■ Extracted data entries ■

########

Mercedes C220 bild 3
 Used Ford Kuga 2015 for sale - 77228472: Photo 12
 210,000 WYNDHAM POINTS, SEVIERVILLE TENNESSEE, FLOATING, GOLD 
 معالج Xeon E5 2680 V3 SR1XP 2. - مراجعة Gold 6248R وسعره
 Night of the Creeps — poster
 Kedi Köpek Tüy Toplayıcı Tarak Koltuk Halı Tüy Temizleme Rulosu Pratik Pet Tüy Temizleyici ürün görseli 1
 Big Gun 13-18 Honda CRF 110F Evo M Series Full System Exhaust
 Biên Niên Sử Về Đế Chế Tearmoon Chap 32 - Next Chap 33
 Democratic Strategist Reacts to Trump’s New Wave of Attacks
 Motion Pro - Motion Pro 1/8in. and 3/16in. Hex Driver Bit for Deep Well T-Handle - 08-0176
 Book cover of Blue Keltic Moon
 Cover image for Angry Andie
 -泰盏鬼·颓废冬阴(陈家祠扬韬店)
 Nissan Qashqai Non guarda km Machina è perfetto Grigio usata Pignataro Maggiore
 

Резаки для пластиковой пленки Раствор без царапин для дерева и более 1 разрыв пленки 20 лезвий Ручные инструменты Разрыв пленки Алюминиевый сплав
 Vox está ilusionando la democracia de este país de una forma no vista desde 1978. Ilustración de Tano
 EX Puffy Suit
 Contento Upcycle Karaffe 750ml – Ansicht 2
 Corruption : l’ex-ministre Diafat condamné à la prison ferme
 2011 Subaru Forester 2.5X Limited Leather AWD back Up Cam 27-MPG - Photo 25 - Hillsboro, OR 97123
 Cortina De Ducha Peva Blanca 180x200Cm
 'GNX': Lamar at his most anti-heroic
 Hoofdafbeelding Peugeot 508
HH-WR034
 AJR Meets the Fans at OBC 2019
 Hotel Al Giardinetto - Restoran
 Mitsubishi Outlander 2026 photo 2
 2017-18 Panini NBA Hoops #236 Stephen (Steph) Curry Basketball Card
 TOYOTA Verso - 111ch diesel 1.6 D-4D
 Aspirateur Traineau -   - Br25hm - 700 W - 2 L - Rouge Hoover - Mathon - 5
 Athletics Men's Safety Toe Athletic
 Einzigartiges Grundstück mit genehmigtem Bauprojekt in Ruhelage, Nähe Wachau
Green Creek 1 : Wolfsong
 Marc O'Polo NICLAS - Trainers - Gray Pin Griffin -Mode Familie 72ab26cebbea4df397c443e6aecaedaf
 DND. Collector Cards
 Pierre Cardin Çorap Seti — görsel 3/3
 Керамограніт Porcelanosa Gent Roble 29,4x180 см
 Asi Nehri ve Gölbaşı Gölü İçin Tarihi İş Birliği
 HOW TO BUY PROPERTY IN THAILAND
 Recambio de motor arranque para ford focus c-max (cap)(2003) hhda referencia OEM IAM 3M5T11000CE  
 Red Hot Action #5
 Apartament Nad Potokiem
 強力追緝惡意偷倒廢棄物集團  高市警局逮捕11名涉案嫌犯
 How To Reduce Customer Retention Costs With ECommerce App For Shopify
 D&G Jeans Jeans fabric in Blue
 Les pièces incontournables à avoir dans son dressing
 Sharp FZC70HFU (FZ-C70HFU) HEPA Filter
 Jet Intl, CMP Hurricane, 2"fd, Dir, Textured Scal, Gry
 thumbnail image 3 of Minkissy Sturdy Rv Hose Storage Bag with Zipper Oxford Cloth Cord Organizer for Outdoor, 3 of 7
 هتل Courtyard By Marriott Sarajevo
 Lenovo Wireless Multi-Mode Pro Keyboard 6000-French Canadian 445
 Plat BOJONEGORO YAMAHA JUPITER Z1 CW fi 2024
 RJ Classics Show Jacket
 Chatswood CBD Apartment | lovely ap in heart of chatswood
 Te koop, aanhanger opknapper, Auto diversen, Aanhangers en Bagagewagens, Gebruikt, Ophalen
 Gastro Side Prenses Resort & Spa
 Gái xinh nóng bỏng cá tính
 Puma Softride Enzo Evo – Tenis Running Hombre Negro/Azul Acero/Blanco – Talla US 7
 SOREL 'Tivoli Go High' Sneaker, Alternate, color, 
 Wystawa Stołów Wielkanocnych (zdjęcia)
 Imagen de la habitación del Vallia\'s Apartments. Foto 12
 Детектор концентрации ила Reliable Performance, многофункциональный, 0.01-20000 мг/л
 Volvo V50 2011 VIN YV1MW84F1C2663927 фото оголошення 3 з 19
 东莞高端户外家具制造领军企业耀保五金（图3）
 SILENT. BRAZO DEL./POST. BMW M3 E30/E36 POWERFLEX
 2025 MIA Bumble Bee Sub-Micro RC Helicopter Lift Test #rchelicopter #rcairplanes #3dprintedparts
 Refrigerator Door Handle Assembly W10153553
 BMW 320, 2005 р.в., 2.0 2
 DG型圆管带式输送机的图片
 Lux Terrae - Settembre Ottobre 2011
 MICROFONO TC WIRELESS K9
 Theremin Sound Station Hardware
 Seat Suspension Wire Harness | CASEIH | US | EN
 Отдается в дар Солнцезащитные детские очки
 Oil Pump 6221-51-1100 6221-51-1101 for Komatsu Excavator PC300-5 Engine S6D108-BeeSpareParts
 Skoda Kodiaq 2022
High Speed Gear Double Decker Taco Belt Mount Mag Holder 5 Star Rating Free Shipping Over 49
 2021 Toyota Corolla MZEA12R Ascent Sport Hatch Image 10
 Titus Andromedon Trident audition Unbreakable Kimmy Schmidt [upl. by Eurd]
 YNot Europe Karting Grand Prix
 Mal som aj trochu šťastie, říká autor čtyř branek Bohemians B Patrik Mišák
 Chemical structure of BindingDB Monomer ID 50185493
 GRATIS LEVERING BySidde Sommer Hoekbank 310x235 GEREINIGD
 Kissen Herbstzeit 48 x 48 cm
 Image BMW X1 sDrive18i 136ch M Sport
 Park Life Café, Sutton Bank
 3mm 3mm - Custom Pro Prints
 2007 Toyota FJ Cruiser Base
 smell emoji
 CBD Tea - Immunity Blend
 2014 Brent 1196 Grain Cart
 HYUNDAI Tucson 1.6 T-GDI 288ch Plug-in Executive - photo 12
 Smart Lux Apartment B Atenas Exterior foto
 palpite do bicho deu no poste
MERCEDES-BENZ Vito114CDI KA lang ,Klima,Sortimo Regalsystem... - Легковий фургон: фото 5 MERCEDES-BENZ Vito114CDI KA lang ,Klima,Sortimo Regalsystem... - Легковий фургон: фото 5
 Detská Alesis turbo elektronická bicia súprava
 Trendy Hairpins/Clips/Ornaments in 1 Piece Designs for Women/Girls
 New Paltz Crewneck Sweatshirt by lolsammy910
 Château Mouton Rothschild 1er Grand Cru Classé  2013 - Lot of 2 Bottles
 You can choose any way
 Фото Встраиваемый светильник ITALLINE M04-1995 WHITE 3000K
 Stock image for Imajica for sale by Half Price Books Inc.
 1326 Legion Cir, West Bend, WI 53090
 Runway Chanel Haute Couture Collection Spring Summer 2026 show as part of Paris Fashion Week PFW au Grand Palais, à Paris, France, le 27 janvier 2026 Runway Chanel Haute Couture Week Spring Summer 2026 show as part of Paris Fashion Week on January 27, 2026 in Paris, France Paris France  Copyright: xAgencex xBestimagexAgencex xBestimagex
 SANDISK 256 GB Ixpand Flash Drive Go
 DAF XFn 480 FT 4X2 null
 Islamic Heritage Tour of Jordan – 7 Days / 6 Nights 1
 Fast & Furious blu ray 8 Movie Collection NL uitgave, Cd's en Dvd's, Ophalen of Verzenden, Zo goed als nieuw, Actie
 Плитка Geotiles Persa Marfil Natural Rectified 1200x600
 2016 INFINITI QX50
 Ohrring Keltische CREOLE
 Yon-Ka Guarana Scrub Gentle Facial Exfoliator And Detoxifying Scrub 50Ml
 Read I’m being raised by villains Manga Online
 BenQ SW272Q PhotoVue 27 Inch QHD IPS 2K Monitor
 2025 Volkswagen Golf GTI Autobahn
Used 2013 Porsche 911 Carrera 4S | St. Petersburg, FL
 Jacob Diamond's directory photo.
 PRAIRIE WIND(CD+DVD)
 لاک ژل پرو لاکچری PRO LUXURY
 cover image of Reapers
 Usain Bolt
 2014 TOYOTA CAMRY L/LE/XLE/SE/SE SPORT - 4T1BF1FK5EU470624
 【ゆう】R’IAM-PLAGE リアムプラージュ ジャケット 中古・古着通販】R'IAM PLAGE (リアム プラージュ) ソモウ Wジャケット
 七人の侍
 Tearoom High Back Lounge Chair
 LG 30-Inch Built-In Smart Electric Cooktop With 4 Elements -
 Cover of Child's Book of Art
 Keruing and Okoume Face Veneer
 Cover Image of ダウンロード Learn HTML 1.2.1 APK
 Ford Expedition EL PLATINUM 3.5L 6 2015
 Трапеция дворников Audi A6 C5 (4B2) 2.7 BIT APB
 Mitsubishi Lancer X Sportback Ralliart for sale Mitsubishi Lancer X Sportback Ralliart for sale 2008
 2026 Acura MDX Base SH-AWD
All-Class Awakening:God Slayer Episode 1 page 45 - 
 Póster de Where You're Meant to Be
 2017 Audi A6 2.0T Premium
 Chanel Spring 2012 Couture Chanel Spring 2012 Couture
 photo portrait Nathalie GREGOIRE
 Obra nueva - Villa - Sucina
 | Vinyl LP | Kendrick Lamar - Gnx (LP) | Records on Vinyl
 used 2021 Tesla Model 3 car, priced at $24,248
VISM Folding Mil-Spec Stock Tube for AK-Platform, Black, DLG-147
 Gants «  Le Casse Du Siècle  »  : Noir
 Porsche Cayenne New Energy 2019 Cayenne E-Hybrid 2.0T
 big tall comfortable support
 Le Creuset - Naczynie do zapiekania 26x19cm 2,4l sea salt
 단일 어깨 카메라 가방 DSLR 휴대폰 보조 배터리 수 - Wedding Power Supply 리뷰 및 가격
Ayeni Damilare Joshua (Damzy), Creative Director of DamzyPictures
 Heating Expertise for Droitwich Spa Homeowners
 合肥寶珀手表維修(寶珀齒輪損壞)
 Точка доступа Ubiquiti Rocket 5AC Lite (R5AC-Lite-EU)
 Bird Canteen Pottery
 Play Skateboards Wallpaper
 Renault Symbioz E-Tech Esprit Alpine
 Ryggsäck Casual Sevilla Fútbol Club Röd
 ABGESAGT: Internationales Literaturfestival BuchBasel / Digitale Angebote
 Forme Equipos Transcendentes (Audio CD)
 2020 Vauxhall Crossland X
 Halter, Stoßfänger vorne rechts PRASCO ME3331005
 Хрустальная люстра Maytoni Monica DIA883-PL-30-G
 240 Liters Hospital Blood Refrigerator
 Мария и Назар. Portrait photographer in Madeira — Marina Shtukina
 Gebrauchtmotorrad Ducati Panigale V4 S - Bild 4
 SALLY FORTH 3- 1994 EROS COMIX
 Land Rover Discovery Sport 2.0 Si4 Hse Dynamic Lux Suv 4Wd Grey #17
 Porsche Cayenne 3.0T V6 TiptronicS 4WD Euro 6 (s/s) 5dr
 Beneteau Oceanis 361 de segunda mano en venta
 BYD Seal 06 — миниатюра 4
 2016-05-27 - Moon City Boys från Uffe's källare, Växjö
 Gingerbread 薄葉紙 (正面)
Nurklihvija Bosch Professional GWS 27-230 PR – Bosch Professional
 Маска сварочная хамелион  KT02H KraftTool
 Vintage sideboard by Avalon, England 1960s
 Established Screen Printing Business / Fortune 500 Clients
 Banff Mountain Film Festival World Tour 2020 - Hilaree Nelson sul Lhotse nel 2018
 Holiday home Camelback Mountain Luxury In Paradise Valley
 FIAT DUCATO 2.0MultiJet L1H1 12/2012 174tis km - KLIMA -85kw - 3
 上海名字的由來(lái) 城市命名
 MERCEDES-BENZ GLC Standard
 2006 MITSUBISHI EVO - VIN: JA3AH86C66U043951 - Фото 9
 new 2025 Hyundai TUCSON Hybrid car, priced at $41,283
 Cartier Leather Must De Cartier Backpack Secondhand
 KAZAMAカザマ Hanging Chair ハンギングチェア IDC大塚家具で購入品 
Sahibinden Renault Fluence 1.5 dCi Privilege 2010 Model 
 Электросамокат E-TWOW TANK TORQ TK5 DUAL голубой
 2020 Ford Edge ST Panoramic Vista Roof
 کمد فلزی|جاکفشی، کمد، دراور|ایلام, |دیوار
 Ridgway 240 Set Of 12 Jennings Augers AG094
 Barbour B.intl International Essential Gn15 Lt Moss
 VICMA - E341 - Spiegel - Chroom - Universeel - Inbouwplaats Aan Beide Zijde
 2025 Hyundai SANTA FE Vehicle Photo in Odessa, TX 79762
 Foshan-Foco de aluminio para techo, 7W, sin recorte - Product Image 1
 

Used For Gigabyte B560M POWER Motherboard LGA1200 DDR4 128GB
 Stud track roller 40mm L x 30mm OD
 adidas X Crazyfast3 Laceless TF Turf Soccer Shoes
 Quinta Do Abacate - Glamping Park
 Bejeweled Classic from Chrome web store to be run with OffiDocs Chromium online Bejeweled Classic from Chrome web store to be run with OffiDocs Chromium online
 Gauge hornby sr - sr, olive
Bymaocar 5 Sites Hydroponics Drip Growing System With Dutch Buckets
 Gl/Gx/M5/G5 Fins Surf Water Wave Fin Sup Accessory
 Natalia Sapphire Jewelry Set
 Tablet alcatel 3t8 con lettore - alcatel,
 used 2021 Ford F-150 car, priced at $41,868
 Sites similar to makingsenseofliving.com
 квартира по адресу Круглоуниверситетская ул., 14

########

■ What the exercise asks ■
Please copy, exactly and with nothing else, the lines above beginning at the line that has "Runway Chanel Haute Couture Collection" and ending with the line that has "Le Creuset - Naczynie".

■ Answer area ■
 Runway Chanel Haute Couture Collection Spring Summer 2026 show as part of Paris Fashion Week PFW au Grand Palais, à Paris, France, le 27 janvier 2026 Runway Chanel Haute Couture Week Spring Summer 2026 show as part of Paris Fashion Week on January 27, 2026 in Paris, France Paris France  Copyright: xAgencex xBestimagexAgencex xBestimagex
 SANDISK 256 GB Ixpand Flash Drive Go
 DAF XFn 480 FT 4X2 null
 Islamic Heritage Tour of Jordan – 7 Days / 6 Nights 1
 Fast & Furious blu ray 8 Movie Collection NL uitgave, Cd's en Dvd's, Ophalen of Verzenden, Zo goed als nieuw, Actie
 Плитка Geotiles Persa Marfil Natural Rectified 1200x600
 2016 INFINITI QX50
 Ohrring Keltische CREOLE
 Yon-Ka Guarana Scrub Gentle Facial Exfoliator And Detoxifying Scrub 50Ml
 Read I’m being raised by villains Manga Online
 BenQ SW272Q PhotoVue 27 Inch QHD IPS 2K Monitor
 2025 Volkswagen Golf GTI Autobahn
Used 2013 Porsche 911 Carrera 4S | St. Petersburg, FL
 Jacob Diamond's directory photo.
 PRAIRIE WIND(CD+DVD)
 لاک ژل پرو لاکچری PRO LUXURY
 cover image of Reapers
 Usain Bolt
 2014 TOYOTA CAMRY L/LE/XLE/SE/SE SPORT - 4T1BF1FK5EU470624
 【ゆう】R’IAM-PLAGE リアムプラージュ ジャケット 中古・古着通販】R'IAM PLAGE (リアム プラージュ) ソモウ Wジャケット
 七人の侍
 Tearoom High Back Lounge Chair
 LG 30-Inch Built-In Smart Electric Cooktop With 4 Elements -
 Cover of Child's Book of Art
 Keruing and Okoume Face Veneer
 Cover Image of ダウンロード Learn HTML 1.2.1 APK
 Ford Expedition EL PLATINUM 3.5L 6 2015
 Трапеция дворников Audi A6 C5 (4B2) 2.7 BIT APB
 Mitsubishi Lancer X Sportback Ralliart for sale Mitsubishi Lancer X Sportback Ralliart for sale 2008
 2026 Acura MDX Base SH-AWD
All-Class Awakening:God Slayer Episode 1 page 45 - 
 Póster de Where You're Meant to Be
 2017 Audi A6 2.0T Premium
 Chanel Spring 2012 Couture Chanel Spring 2012 Couture
 photo portrait Nathalie GREGOIRE
 Obra nueva - Villa - Sucina
 | Vinyl LP | Kendrick Lamar - Gnx (LP) | Records on Vinyl
 used 2021 Tesla Model 3 car, priced at $24,248
VISM Folding Mil-Spec Stock Tube for AK-Platform, Black, DLG-147
 Gants «  Le Casse Du Siècle  »  : Noir
 Porsche Cayenne New Energy 2019 Cayenne E-Hybrid 2.0T
 big tall comfortable support
 Le Creuset - Naczynie do zapiekania 26x19cm 2,4l sea salt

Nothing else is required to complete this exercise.